In fact, what if DHTs could talk to other DHTs? Or what if one DHT could utilize the capabilities or data patterns of another DHT via some sort of DHT bridge, where each DHT could validate data via data that the other DHT possessed? If all DHTs could exchange data and query each other, and then validate data based on data that the other DHT network possessed, you would have one massive, global network capable of pretty much anything under the sun. In fact, you would have a massive global network, ran by millions of personal computers, that the ISPs simply couldn’t control and where data could move freely and organically. More importantly, a network like this could scale the world with ease — and we could do away with worrying about “transactions per-second.” It’s important to note that each of these DHTs are separate networks, like separate blockchains, which would handle their own “data physics”, a.k.a. their own data validation, just like separate blockchains are unrelated, if they both have different data physics and consensus rules.
dMesh will soon allow anyone to launch their own DHT and what we’re calling “private chains” (more on this in a second). Each DHT is configurable by developers, where they can configure a DHT’s data physics, as well as bridges with other DHTs that they may want to exchange data with or inherit the capabilities of. For example, if a DHT is created for the purpose of storing social networking data, then you would set the validation rules accordingly. In fact, you could bridge with a DHT belonging to another social network as well, so that your application could utilize its data. Keep in mind, all of this is done without massive servers and mining equipment. We do live in 2021 after all right? It’s simply just a massive mesh network of people’s personal computers and how in the world could anyone take that down? They couldn’t. And did I mention how eco-friendly this is?

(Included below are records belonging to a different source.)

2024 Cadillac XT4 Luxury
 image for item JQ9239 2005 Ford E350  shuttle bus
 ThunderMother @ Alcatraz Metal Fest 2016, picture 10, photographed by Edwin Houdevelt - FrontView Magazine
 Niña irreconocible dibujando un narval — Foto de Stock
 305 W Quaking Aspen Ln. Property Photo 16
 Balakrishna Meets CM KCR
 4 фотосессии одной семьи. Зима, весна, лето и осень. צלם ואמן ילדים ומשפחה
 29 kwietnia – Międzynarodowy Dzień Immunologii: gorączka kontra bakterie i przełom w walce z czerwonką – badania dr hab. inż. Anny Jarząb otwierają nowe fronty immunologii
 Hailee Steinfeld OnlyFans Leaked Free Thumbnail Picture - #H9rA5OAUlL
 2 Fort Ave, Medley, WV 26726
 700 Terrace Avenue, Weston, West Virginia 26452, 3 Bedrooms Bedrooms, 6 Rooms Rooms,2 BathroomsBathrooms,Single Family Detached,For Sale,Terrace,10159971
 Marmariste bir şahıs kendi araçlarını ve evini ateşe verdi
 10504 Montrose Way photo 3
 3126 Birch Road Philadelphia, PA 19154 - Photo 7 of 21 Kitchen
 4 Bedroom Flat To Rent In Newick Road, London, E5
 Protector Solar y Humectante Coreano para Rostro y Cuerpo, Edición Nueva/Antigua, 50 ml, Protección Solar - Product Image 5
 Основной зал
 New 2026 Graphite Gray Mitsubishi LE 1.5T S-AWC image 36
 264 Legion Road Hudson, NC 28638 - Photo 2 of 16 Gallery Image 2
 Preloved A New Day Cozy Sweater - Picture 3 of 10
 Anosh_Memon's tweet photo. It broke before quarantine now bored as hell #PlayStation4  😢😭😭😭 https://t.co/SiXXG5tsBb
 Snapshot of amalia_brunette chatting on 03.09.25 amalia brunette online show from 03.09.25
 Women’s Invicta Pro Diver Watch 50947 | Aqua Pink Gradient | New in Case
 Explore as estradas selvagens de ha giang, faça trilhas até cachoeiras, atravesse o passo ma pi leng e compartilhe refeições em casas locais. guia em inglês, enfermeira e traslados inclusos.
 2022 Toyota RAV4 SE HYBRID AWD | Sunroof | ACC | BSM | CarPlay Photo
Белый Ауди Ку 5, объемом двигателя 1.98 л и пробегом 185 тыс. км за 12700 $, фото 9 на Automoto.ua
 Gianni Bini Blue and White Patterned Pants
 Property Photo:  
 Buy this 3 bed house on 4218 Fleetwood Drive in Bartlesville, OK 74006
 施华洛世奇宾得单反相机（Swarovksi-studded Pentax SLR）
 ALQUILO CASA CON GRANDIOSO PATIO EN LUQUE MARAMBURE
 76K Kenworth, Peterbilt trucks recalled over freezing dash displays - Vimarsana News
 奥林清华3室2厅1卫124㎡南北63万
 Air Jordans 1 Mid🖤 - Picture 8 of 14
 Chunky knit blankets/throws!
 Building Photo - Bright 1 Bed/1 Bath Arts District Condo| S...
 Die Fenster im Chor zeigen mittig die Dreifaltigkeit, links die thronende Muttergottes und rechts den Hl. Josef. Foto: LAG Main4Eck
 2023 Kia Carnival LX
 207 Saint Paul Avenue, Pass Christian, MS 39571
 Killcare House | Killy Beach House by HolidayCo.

==== THE INCEPTION OF PRIVATE CHAINS
dMesh isn’t an end-all though. While it certainly represents the “layer zero” that developers like Dan Larimer have been teasing about, there is much more to dMesh than just a bunch of DHTs. Enter dDatabase v10, or as we call it — dDatabaseX. dDatabase has been around since the inception of the dWeb protocol and is essentially an immutable append-only single-writer ledger that can be exchanged between peers. In a way, it’s a private blockchain for a single user, where that single user is able to manage the integrity of their data alone, along with their own sequence of events. That data is then sent on to different DHTs for validation, depending on the application they’re using, and validated by the nodes on that particular DHT, depending on that DHT’s validation rules (its data physics). While this may sound confusing, that’s because you’re probably used to a blockchain environment, which is considered to be data-centric, whereas a dMesh environment is user-centric. Users or as they’re defined in similar systems, “agents,” manage the individual and collective state of their own data via dDatabases (private chains) on their own machine and then that data is propagated to different DHTs and signed by other remote users (nodes) of the accepting DHT network, according to that DHT’s data validation rules.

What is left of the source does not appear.